Police: Woman Brandished Loaded Gun at Newington Chuck E. Cheese

Newington police said 30-year-old Tawana Bourne of Middletown argued with another woman, pulled out her gun and chambered a round at the popular children's pizza and amusement center.

A Middletown woman pulled out a loaded semiautomatic handgun and threatened another woman with it at a popular children's pizza and amusement center, according to Newington Police.

On Feb. 4 at 8 p.m., members of the Newington Police Department responded to the Chuck E. Cheese restaurant at 3075 Berlin Turnpike for a report of an argument involving a firearm. 

Upon arrival, the report indicates, officers found Tawana Bourne, 30, of Middletown, who had a .380 caliber handgun.

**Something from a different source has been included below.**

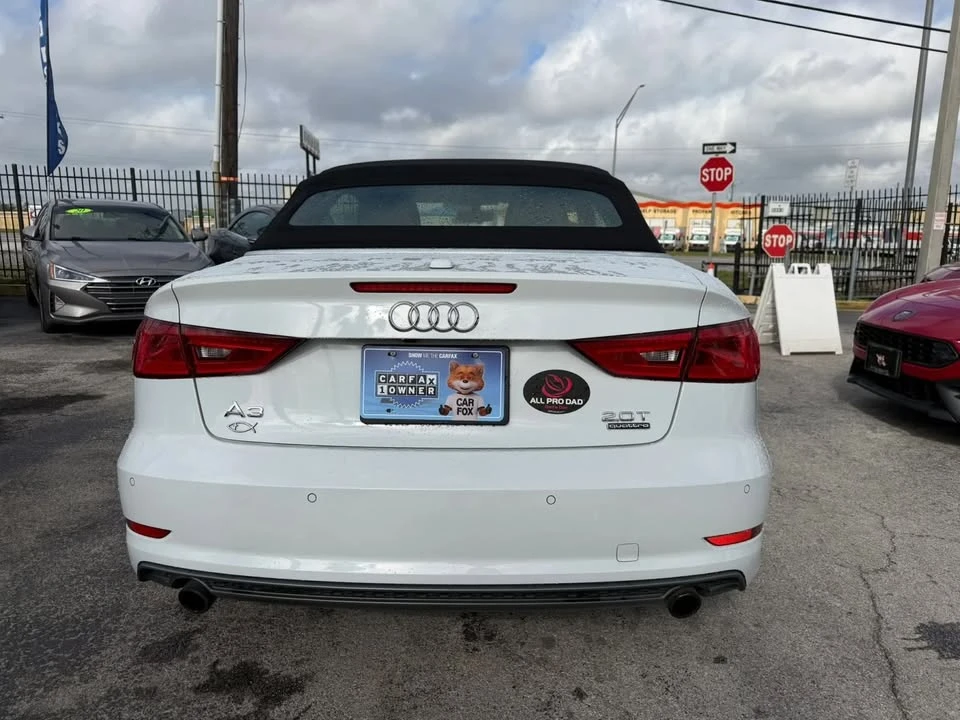 2016 Audi 8V A3 - Image 8 of 20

Through investigation, the Newington Police found Bourne was at the restaurant with her child when she argued with another woman with a child. Police say Bourne allegedly brandished a .380 semiautomatic handgun and chambered a round. 

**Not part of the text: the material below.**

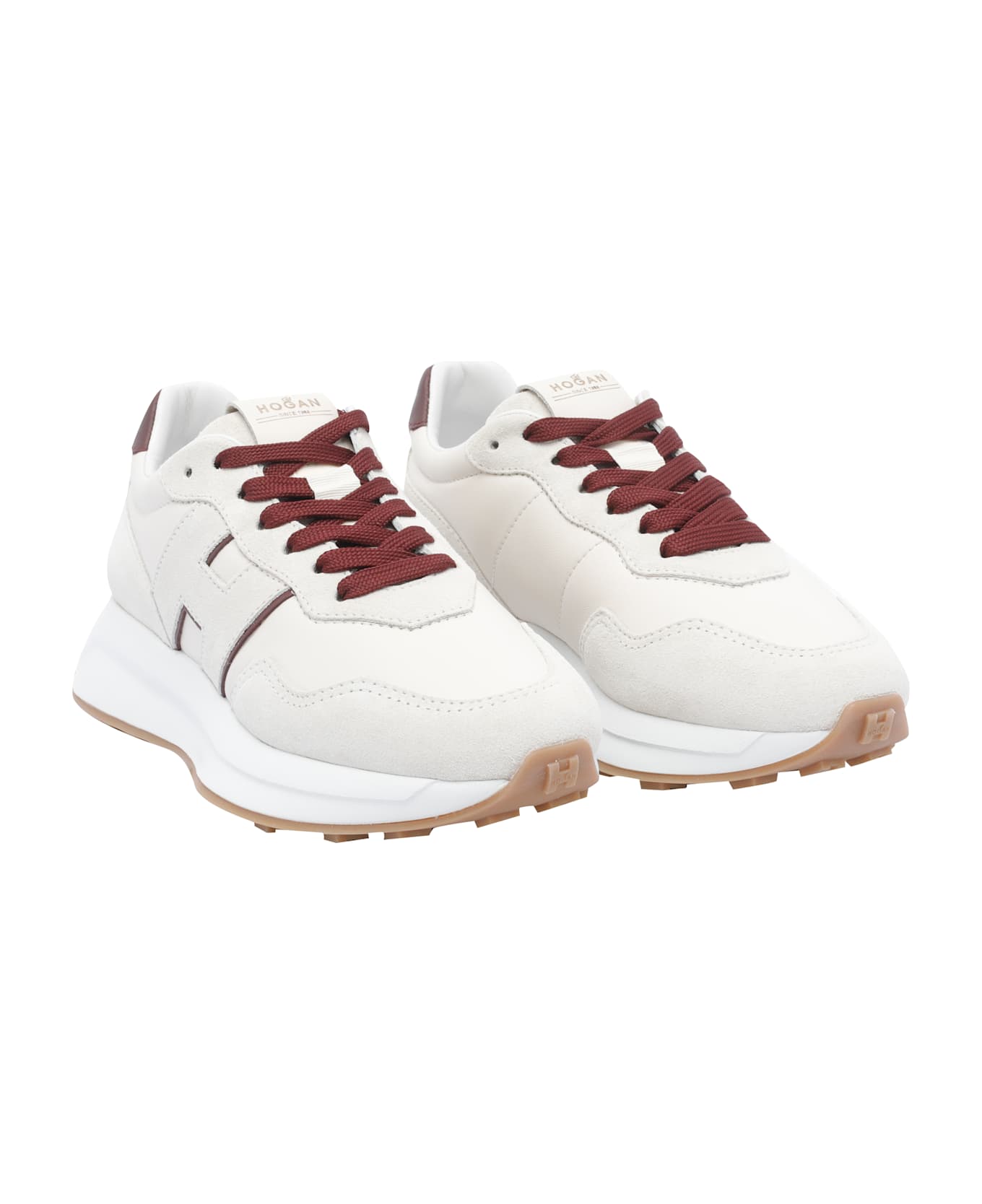 Hogan H641 Hogan Sneakers - White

Police say Bourne had a valid state of Connecticut pistol permit and her firearms and permit were seized.

She was charged with breach of peace, three counts of risk of injury to a minor, second-degree threatening and first-degree reckless endangerment. 

Bourne was released after posting a $50,000 surety bond and is scheduled to appear in New Britain Superior Court on Feb. 19.

Avon parents, do you take your kid to Chuck E. Cheese?

Adam February 06, 2013 at 10:21 PM
Stories like this make gun owners look bad. 99.99% of CCW permit holders know better, but the .01% get all of the attention. I doubt this would have made the news if it was a knife. But that's the Patch for you.
Sue Budde February 07, 2013 at 09:22 PM
Patch is just reporting the news. They didn't creat the situation.
Sue Budde February 07, 2013 at 09:24 PM
And PS... It's not the story making gun owners look bad. It's the stupid actions if this GUN OWNER!!
Adam February 07, 2013 at 10:21 PM
Dear Sue: Respectfully, the media creates the news. They don't just "report it". At the outset, the editors decide what will run and what won't run (even though you it may be newsworthy to others). The reporter investigates and perhaps writes a story. Various decisions must be made. The location (front page or middle of section C?), layout (side margin or full layout?), length (digest version or a series of articles?), assumptions (the journalist brings his own judgment, temperament, vocabulary, and experience to the table), descriptions (what is deemed relevant to the story?) and headline (how to condense a concept in five words?) frame how the story is communicated to the reader. Sometimes the audience drives events to become news by showing interest (e.g. the impending snow storm tomorrow). But often times, as in the case here, the vast majority of people didn't know about the event. The Patch decided that this was "news worthy" for one reason or another. I believe one of the factors that led the Patch to run the story was because it involved a firearm in a public place, which of course is the focus of certain, left of center, policymakers. I believe the Patch, in conspicuously running this story against the backdrop of a contemporaneous frenzy over gun ownership, wishes to influence the debate.